Scan the entries below for "Fashion" and copy each line that holds it.
________________________
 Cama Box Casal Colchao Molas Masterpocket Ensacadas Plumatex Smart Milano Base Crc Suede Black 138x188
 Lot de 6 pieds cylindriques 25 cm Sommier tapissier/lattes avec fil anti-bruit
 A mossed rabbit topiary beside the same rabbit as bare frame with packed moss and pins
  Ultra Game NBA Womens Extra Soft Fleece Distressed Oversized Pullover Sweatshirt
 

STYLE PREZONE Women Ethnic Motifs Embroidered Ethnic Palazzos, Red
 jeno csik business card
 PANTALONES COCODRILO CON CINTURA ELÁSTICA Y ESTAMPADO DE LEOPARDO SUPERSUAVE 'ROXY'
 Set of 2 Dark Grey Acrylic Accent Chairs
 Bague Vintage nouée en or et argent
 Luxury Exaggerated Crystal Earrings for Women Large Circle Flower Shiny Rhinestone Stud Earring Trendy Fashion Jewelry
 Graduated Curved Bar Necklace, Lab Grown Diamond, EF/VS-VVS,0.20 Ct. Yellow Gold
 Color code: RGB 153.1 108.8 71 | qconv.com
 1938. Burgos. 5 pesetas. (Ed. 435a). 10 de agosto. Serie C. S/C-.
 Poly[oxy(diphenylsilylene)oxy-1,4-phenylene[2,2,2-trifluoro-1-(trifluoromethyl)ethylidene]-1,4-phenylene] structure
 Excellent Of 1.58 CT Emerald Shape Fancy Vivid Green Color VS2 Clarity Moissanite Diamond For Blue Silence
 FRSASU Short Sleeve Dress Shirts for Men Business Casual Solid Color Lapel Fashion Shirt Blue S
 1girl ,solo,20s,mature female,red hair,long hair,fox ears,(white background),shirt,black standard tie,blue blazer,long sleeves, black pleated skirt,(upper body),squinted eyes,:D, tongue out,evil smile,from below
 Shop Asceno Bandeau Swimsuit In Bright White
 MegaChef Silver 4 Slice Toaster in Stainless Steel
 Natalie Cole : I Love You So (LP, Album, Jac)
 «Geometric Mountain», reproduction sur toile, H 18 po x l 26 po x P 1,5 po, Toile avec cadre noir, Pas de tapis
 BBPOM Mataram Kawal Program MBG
________________________
- _Response to the task_
 Luxury Exaggerated Crystal Earrings for Women Large Circle Flower Shiny Rhinestone Stud Earring Trendy Fashion Jewelry
 FRSASU Short Sleeve Dress Shirts for Men Business Casual Solid Color Lapel Fashion Shirt Blue S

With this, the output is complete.